Posted Apr 19, 2009 22:50 UTC (Sun) by bojan (subscriber, #14302) [Link] (2 responses)

> Chris Mason is also working on a data=guarded mode, which will cause files to be truncated (much like delayed allocation) on a crash with ext3. I will look into porting this mode into ext4, if it proves to be enough of a performance advantage for ext4 over data=ordered, and yet providing a tiny bit more safety than data=writeback. It's not clear to me that it will be worth it for ext4, however.

Unless there is a significant performance penalty by updating metadata only after the data has been written, instead of having another mode, this is probably how writeback mode should work.

Solving the ext3 latency problem

Posted Apr 20, 2009 0:29 UTC (Mon) by tytso (subscriber, #9993) [Link] (1 responses)

Unless there is a significant performance penalty by updating metadata only after the data has been written, instead of having another mode, this is probably how writeback mode should work.

(Note that data=guarded is only deferring the update of i_size, and not any other form of metadata.)

We'll have to benchmark it and see. It does mean that i_size gets updated more, and so that means that the inode has to get updated as blocks are staged out to disk, so that means some extra writes to the journal and inode table.

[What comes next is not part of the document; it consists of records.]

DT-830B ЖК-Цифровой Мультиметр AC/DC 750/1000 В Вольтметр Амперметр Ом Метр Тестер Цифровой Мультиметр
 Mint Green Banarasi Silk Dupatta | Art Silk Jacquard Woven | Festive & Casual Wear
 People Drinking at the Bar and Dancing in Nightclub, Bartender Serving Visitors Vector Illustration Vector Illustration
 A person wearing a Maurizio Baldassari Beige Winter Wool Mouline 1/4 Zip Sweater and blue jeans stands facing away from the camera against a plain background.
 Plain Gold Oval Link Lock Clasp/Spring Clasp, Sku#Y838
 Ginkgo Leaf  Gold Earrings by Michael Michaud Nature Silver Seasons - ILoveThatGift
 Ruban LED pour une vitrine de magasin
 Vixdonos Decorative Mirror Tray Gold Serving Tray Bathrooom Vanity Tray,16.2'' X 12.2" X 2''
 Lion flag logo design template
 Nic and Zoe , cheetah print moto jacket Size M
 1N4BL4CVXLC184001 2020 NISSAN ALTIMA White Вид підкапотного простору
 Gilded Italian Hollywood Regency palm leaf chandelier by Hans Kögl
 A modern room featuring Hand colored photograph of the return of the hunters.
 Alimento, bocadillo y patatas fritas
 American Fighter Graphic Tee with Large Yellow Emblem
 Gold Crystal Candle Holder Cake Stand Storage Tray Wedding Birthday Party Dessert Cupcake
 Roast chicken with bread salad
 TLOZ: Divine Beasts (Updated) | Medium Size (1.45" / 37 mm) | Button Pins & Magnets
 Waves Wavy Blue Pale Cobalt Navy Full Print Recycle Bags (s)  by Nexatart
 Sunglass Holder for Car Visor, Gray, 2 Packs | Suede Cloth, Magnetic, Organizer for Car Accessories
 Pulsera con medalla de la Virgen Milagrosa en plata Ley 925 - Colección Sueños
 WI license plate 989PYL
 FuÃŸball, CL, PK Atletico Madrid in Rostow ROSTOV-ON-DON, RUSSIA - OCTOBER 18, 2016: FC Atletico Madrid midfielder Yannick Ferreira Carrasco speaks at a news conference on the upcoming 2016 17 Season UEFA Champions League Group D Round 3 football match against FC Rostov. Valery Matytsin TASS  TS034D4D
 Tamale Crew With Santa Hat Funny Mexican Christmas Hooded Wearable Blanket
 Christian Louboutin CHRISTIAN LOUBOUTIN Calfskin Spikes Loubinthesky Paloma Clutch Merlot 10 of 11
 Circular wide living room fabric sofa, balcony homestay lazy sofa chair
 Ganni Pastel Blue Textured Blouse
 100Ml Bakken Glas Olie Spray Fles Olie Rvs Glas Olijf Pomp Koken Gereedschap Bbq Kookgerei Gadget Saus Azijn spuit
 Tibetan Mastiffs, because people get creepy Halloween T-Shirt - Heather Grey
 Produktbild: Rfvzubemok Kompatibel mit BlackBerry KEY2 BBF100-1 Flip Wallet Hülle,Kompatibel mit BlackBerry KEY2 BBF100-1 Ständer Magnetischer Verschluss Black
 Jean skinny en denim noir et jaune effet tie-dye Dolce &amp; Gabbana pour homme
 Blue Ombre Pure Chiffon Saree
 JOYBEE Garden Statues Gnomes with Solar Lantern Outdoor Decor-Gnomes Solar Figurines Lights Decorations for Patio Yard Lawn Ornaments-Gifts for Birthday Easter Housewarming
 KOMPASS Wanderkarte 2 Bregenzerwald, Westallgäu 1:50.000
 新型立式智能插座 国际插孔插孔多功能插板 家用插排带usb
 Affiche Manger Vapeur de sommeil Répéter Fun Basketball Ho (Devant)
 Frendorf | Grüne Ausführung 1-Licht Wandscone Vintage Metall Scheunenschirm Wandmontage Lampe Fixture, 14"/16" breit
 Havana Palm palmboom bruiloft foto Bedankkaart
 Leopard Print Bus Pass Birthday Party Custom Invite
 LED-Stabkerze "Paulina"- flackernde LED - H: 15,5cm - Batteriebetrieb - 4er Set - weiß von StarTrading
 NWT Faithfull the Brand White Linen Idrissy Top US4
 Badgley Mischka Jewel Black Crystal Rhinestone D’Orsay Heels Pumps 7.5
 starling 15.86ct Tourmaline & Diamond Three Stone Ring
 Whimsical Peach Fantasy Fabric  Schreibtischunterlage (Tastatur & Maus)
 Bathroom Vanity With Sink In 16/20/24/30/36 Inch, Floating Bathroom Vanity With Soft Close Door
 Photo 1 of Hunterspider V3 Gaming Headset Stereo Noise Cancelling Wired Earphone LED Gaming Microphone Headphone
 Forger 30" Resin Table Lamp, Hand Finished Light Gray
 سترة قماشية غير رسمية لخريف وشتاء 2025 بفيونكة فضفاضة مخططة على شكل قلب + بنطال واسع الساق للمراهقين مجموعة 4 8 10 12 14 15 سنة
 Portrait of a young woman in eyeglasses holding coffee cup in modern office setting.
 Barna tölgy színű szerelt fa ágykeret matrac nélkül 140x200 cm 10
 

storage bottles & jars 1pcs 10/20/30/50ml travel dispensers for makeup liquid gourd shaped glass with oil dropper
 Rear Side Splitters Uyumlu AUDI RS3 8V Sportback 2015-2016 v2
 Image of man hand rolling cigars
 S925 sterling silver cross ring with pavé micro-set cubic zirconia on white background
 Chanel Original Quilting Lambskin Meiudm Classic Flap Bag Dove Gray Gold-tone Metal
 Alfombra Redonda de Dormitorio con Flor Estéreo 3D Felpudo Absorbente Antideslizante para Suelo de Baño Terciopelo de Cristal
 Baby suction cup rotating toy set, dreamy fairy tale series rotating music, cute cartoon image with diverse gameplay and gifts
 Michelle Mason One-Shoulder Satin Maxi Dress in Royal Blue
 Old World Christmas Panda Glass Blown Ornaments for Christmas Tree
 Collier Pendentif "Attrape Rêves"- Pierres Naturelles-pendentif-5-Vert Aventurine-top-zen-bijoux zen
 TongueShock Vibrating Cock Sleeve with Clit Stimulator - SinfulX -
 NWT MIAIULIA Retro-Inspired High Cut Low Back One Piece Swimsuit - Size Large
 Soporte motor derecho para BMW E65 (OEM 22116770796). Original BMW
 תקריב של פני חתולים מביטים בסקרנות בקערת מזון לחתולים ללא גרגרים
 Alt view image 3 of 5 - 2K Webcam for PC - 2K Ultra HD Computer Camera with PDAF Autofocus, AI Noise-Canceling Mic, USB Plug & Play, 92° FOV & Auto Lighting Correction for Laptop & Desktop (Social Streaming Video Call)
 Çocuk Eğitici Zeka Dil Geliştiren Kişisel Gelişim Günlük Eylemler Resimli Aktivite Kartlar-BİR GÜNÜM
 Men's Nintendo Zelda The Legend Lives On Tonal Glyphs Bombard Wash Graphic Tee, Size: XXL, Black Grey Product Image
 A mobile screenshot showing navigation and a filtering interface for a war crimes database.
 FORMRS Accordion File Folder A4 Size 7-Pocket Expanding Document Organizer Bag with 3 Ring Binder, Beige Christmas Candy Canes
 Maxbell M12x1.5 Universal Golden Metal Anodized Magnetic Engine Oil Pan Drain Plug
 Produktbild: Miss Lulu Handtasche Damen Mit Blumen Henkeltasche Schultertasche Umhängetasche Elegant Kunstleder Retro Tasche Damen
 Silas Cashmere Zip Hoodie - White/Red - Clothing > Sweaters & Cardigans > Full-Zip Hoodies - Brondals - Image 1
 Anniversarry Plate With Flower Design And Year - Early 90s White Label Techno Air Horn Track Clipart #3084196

I don't think it should be noticeable, at least for most workloads, since it should be lost in the noise of the data block I/O, but it is extra seeks and extra writes.

Solving the ext3 latency problem

Posted Apr 20, 2009 3:43 UTC (Mon) by bojan (subscriber, #14302) [Link]

Thanks for the explanation.

I guess if i_size could be updated just once, when all the blocks are pushed out, then this would be even less of a problem. But, then again, I have no idea how this actually works inside the code, so this suggestion is probably naive.